Rispetto a simile aspirazione, a simile esigenza di pienezza e compimento e soddisfazione, la vita non offre però che risposte limitate, effimere, contingenti: irriducibilmente inferiori, e dunque frustranti. Chiediamo felicità piena, una – scrive Leopardi – “infinità di piacere”, e quel che segue sono, nel migliore dei casi, soddisfazioni circoscritte e momentanee, conseguendone la delusione sistematica, e con essa “il sentimento della nullità di tutte le cose, la insufficienza di tutti i piaceri a riempierci l’animo”.

La biblioteca di Palazzo Leopardi, Recanati (Ansa)

Quanto più siamo vivi, cioè coscienti e consapevoli della nostra umanità, tanto più dobbiamo ammettere la tragica sproporzione tra preghiera (del cuore) e offerta (del mondo). La “sublimità del sentire” e il limite della “realtà” (secondo i termini impiegati da Giussani) entrano in collisione, e da ciò derivano, alternativamente, lo sconforto più nero oppure, a non volersi arrendere allo scacco, la “sollecitazione al ‘sogno’”, che Leopardi, a sua volta, chiama “facoltà immaginativa, la quale può concepire le cose che non sono, e in un modo in cui le cose reali non sono”.

In questa prospettiva, non sarebbe improprio scorgere una fondamentale (ma anche sconcertante), seppur parziale, convergenza tra l’esperienza o parabola leopardiana e quanto si legge nel capitolo 8 della Lettera ai Romani.

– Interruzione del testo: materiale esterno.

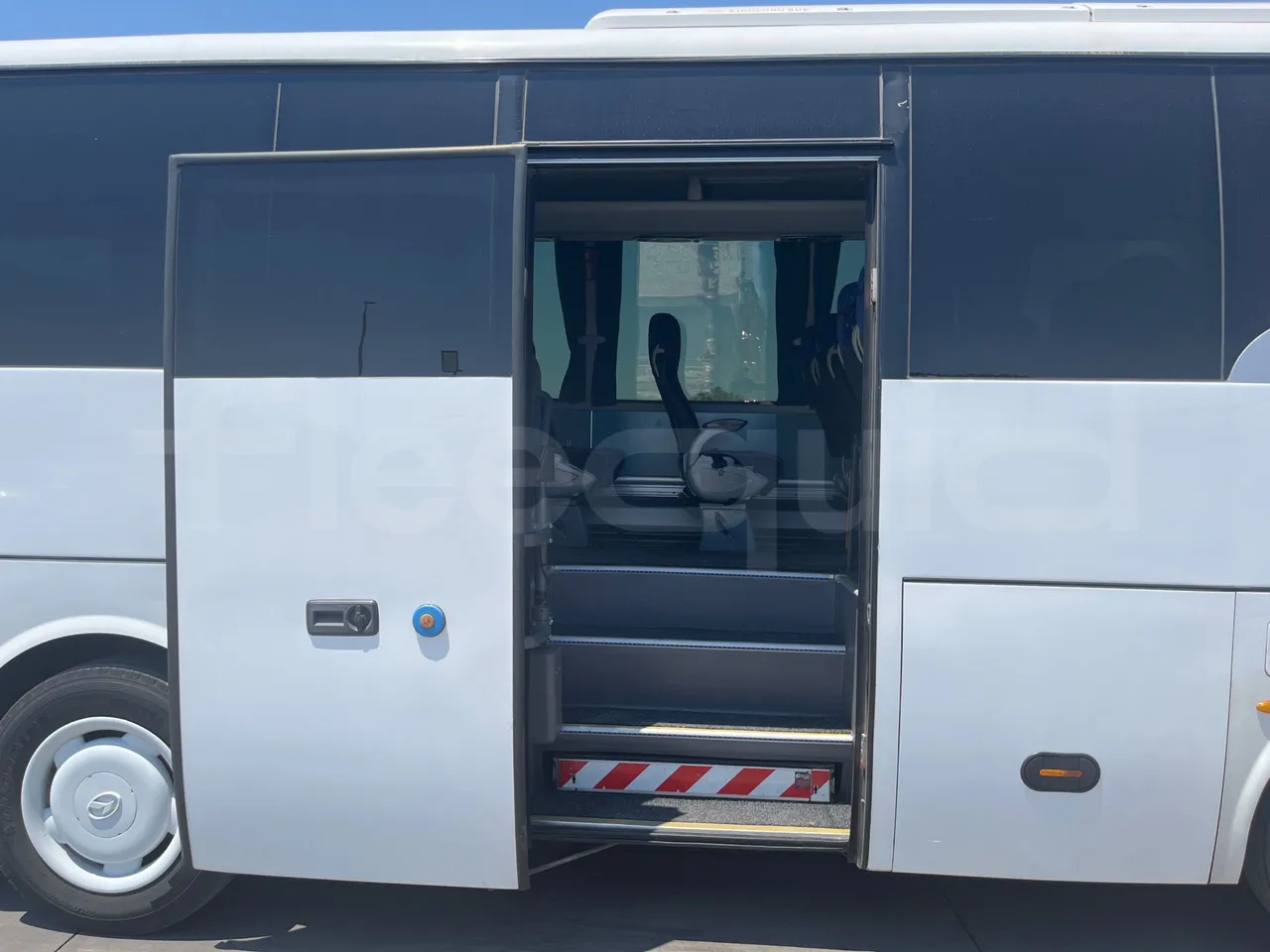 King Long XMQ6900 XMQ6900/ Euro 6 - 204 Kw - 8,995 Mt - front door 2 open
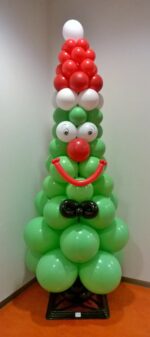 Ballonnen kerstboom met gezicht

Anche per san Paolo, infatti, essenza dell’esserci è l’attesa, ovvero il mancamento, dentro cui si radicano il desiderio e la speranza: “tutta insieme la creazione geme e soffre”, “sottoposta alla caducità”, alla “schiavitù della corruzione”, e pertanto è protesa verso ciò che si situa al di là delle nostre forze e misure.

Evidentemente, a tale diagnosi, che riguarda (con Giussani) “l’esperienza di sproporzione tra fattori che ci costituiscono”, tengono dietro vuoi l’annuncio di Paolo (la “buona novella”), vuoi il sogno di Leopardi, che da quell’annuncio sembrerebbe non essere mai stato raggiunto o toccato.

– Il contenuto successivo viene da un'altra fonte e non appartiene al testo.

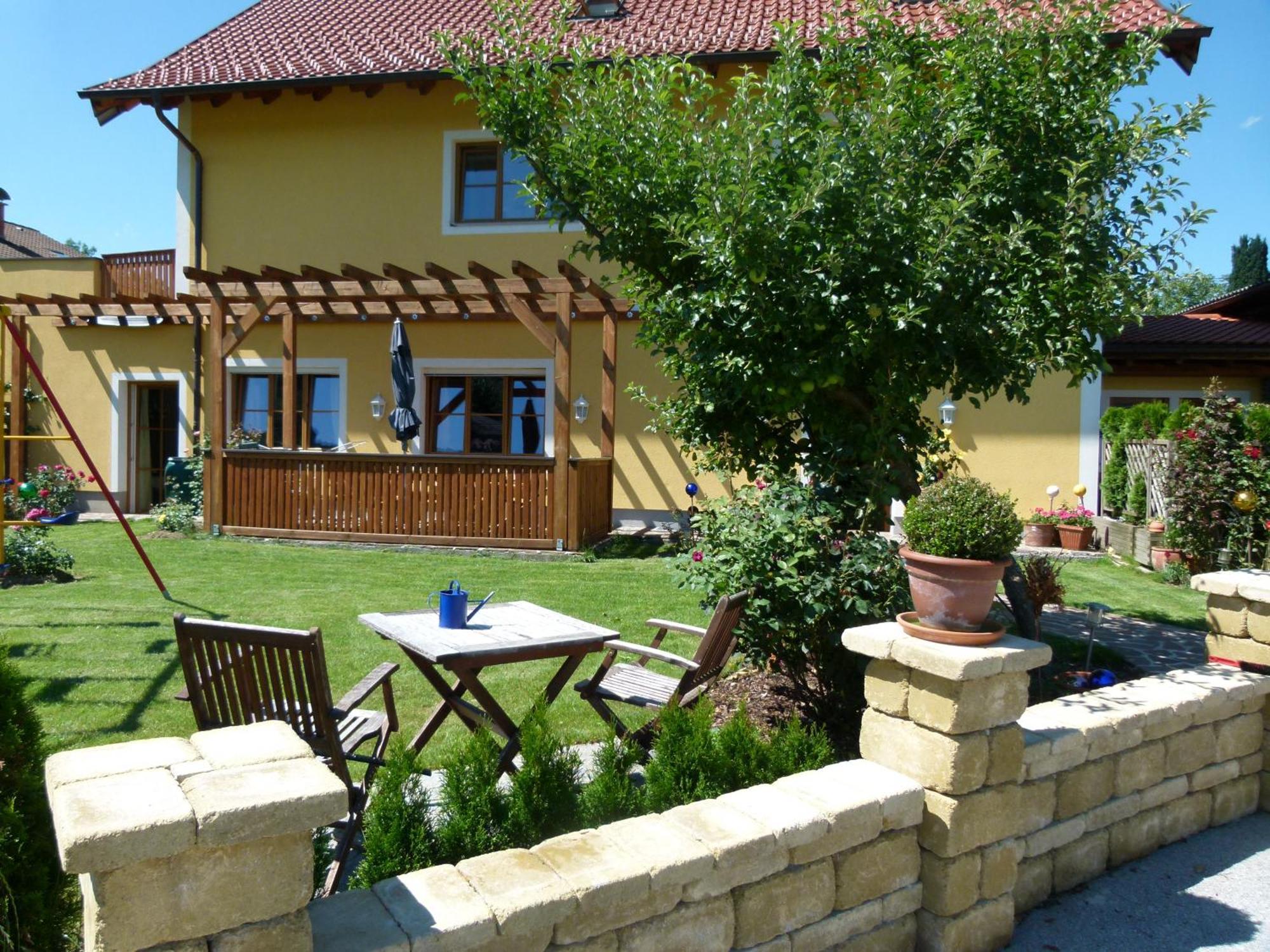 ברגהיים Hotel Fischachstubn מראה חיצוני תמונה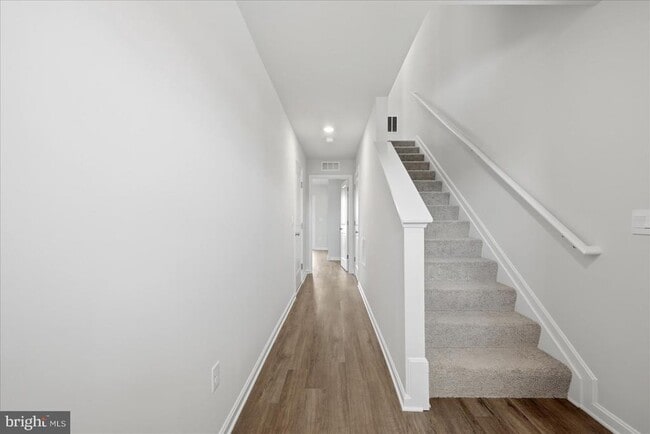 Photo - 122 Bowers St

Ma, come la vicenda leopardiana, puntualmente registrata e messa a fuoco nelle sue opere, dimostra, sogno, immaginazione, illusione sono succedanei, e non bastano. La pagina dello Zibaldone datata 5 novembre 1823 è, al proposito, spietata: “Il giovane che al suo ingresso nella vita, si trova, per qualunque causa e circostanza ed in qual che sia modo, ributtato dal mondo, […] il giovane, dico, che o da’ parenti, come spesso accade, o da que’ di fuori, si trova ributtato ed escluso dalla vita, e serrata la strada ai godimenti […], tutta, dico, questa forza e questo ardore che lo spingevano verso la felicità, l’azione, la vita, ei la rivolge a proccurarsi l’infelicità, l’inattività, la morte morale”.

La riflessione del recanatese non potrebbe essere più attuale, deducendosene la responsabilità – oggi più che mai accresciuta – di genitori, educatori e maestri. Non a caso, infatti, sei mesi dopo quell’appunto, nel maggio del ’24 Leopardi scrive il Dialogo della Natura e di un Islandese, da lui stesso ritenuto il testo della resa, un punto di non ritorno nella propria storia, fondato sul riconoscimento di un’inimicizia tra l’uomo e il mondo in cui vive.

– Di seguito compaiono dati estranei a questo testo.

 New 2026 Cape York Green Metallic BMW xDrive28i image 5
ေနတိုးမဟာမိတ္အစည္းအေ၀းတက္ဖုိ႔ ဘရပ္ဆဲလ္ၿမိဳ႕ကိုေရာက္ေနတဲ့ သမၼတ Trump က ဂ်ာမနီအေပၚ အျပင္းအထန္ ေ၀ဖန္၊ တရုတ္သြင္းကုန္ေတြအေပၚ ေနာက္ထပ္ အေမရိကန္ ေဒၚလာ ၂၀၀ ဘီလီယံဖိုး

L’opportunità delle Opere morali, come sfida alla coscienza e alla responsabilità di tutti, è quindi lampante, nella misura in cui questi testi valgono a impedire che l’intelligenza sia messa in scacco dagli alibi, dalle rimozioni e dalle tante minime gratificazioni elargite in un mondo ridotto a supermarket.

Non si scappa: o l’annuncio (e dunque il testimone), o il Cantico del gallo silvestre, che Leopardi scrive nel novembre del 1824, quale inno al nonsenso della vita, in una sorta di estasi contemplativa di fronte al nulla, di nichilismo cosmico, in cui non è difficile vedere una lancinante profezia della disincarnazione da cui siamo minacciati, e forse ormai assediati.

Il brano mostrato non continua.